Hoy ya no se dice “maricón el último”. Estaría muy mal visto emplear esa expresión. Se evita decir eso, porque la palabra “maricón” puede resultar ofensiva, si se toma en cuenta que puede designar a un hombre homosexual. Aunque, al emplear “maricón el último”, en la mayoría de los casos no se pensase en la homosexualidad de nadie.

Es evidente que insultar a una persona por ser homosexual es absolutamente reprobable. En eso, afortunadamente, no hay – ni debe haber – vuelta atrás.

Sin embargo, se ha generalizado otro insulto: “Fascista”. Vale para un roto y para un descosido. Al igual que se empleaba, sin connotación sexual, lo de “maricón el último”, hoy se emplea, sin precisión política de ninguna clase, lo de “fascista”.

Que alguien te pide que, por la cara y sin conocerlo de nada, le des 50 euros y no se los das, ya lo sabes, eres un “fascista”. Que un político dice a los independentistas catalanes que eso de proclamar unilateralmente la independencia es como un golpe de Estado, ya puede esperar la respuesta: “Si nos dicen ‘golpistas’, nosotros les diremos ‘fascistas’”.
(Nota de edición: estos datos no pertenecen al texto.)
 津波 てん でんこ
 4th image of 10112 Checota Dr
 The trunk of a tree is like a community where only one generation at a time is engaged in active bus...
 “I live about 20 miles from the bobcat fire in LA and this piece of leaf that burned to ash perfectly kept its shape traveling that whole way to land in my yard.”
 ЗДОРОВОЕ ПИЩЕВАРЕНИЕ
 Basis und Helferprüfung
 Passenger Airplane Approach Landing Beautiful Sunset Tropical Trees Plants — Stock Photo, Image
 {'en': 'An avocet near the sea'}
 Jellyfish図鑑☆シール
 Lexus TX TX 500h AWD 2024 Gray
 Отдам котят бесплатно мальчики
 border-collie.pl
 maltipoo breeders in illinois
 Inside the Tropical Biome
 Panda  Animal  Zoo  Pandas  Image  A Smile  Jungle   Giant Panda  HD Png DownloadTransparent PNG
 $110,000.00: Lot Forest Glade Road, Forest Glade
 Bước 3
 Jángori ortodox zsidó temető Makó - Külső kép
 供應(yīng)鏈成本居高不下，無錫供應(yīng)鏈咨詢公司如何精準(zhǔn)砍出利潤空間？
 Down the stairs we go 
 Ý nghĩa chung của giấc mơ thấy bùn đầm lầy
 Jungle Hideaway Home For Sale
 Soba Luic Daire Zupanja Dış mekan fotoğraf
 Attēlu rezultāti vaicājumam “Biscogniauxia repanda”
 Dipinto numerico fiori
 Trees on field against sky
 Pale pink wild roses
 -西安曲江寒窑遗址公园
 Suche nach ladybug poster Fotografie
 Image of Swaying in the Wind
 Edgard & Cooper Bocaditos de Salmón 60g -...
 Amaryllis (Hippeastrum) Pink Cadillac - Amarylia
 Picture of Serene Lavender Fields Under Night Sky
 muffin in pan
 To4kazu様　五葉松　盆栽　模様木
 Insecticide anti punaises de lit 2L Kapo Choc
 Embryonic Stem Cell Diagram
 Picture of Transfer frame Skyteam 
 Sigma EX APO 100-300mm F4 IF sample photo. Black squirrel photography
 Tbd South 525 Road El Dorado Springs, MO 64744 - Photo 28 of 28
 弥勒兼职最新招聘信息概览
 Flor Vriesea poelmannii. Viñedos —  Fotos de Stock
No se sabe bien qué es ser fascista. Sea lo que fuere, suena a ser muy malo, excesivamente autoritario, y,  ya para los muy entendidos, no solo autoritario sino también corporativista y nacionalista. Y vaya, nacionalistas hay muchos… Y muchos de ellos, ciertamente, se han inspirado en el fascismo italiano. Muchos, más de los que se suele pensar.